Un programme universel de dépistage, par un test obligatoire avec un suivi rigoureux, un confinement des personnes infectées, le port d’un masque et une distanciation sanitaire auraient permis d’éviter de détruire l’économie du Québec (en particulier, la vie culturelle et l’exceptionnelle « vivre ensemble » de Montréal. Il est inconcevable, par ailleurs, que des milliers de Québécois soient de retour de l’étranger sans être obligés de subir un test au COVID-19 dès l’aéroport ou la frontière. Des Québécois reçoivent des amendes, jusqu’à 6000 $, parce qu’ils sont accusés d’être ensemble. Des personnes dénoncent leurs voisins. L’encouragement à la délation risque de provoquer des dérives autoritaires.
« La liberté d’opinion est une farce si l’information sur les faits n’est pas garantie et si ce ne sont pas les faits eux-mêmes qui font l’objet du débat. » – Hannah Arendt
Tout cela fondé sur des statistiques contestables. Comment expliquer que le Québec déplore un nombre plus grand de morts que l’Ontario, comportant pourtant une population beaucoup plus nombreuse?

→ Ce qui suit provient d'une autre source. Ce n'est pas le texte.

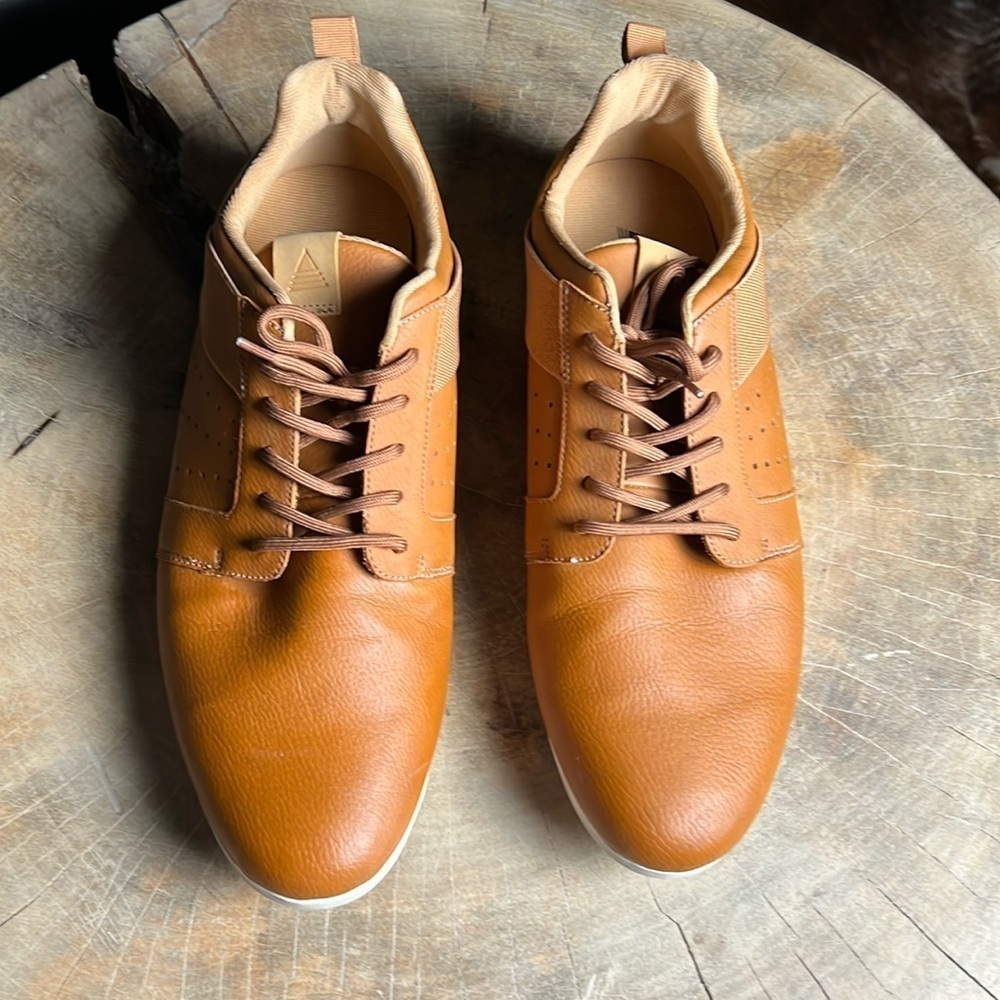 ALDO men’s brown shoes size 11   MN10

L’institutionnalisation des aînés est plus forte au Québec, la période de relâche et les retours de la France et de l’Italie ont contribué, mais ces faits n’expliquent pas complètement cet écart. Une explication donnée par François Legault et le docteur Horacio Arruda est que le Québec teste post-mortem. Si deux personnes âgées décèdent, l’une du cancer testée post-mortem et identifiée porteuse du virus, même s’il est difficile de prouver que la mort a été causée par la COVID-19 est automatiquement dans les statistiques de mortalité du COVID-19. Son conjoint mort d’une crise cardiaque est aussi classé, sans test, mort du COVID-19. Les nombreux décès dans les CHSLD sont aussi tous identifiés comme étant causés par la COVID-19, alors que 1,000 résidents des CHSLD décédaient chaque mois avant la COVID-19. Les statistiques gouvernementales propagent une vision déformée et exagérée du taux de mortalité.
Montréal était l’une des seules villes de plus d’un million d’habitants au monde où de grands rassemblements joyeux et pacifiques avaient lieu sans incident et dans la paix sociale. La méfiance d’ordre sanitaire et la peur de l’autre contaminent maintenant notre tissu social et notre capacité de vivre ensemble. Que sera le Québec suite au COVID-19 ?
- Les Habits neufs de l’empereur. Conte d’Andersen.
- Être frappé d’ostracisme : Action de tenir quelqu’un qui ne plaît pas à l’écart d’un groupe, d’une société, d’une manière discriminatoire et injuste.
- Les pertes liées à la fermeture des chantiers de construction dans la province sont estimées à un milliard de dollars par semaine. ( Association de la construction du Québec. ).